* Task to carry out: Quote every line below exactly and skip any picture.

* Recorded information:
------------------------------------------------

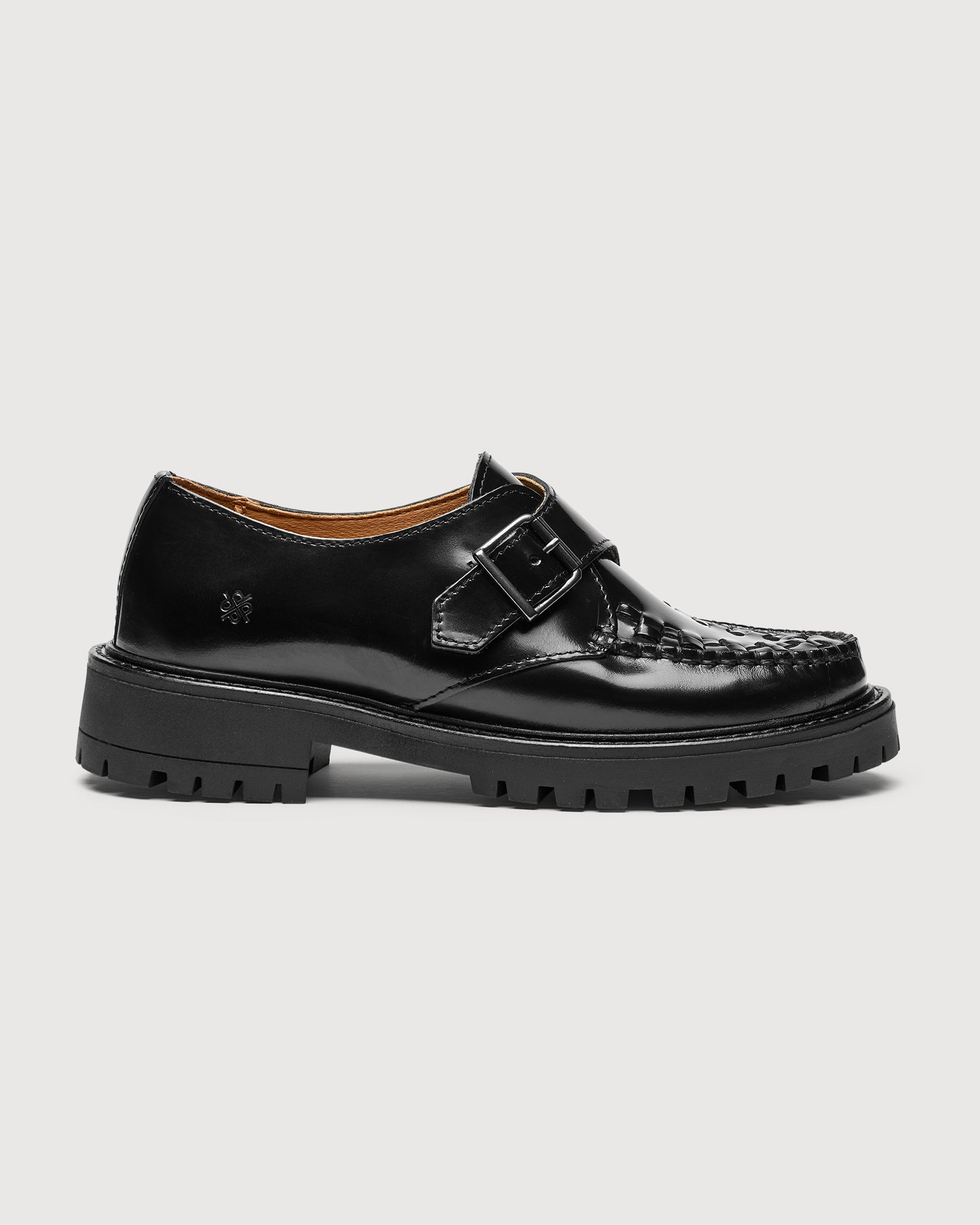 Original Playboy Style Talia Loafers Black polido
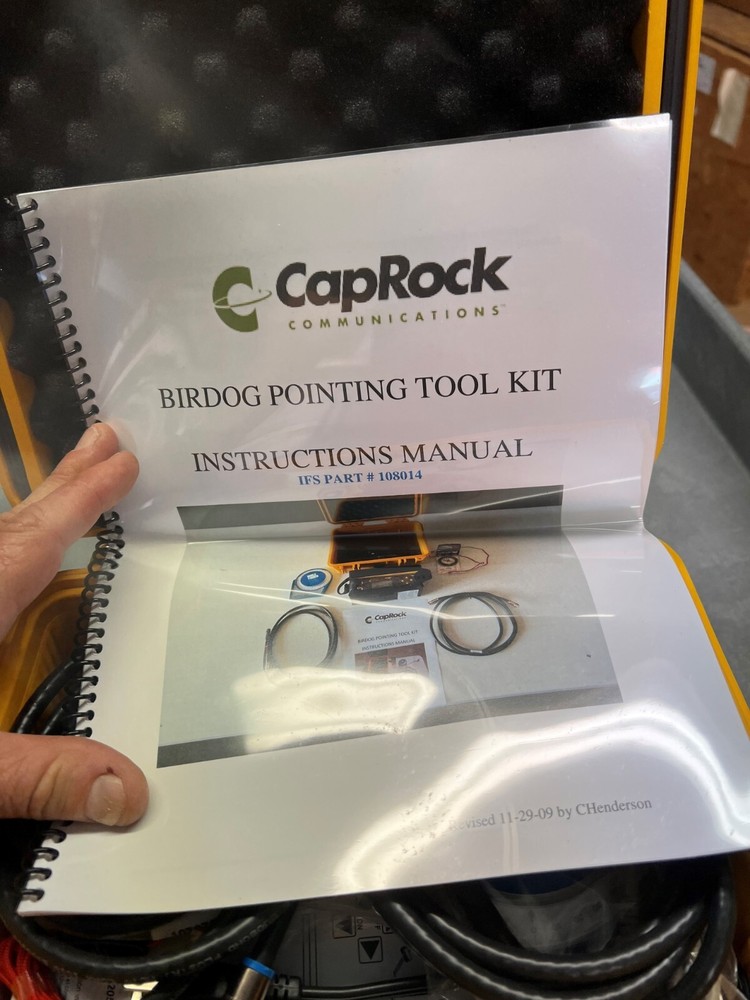 Birdog Pointing Kit-Satellite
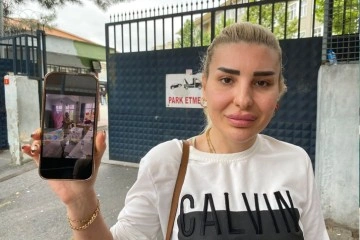 Oy kullanabilmek için saatlerce mücadele etti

------------------------------------------------

* Exercise response:
 Original Playboy Style Talia Loafers Black polido
 Birdog Pointing Kit-Satellite
 Oy kullanabilmek için saatlerce mücadele etti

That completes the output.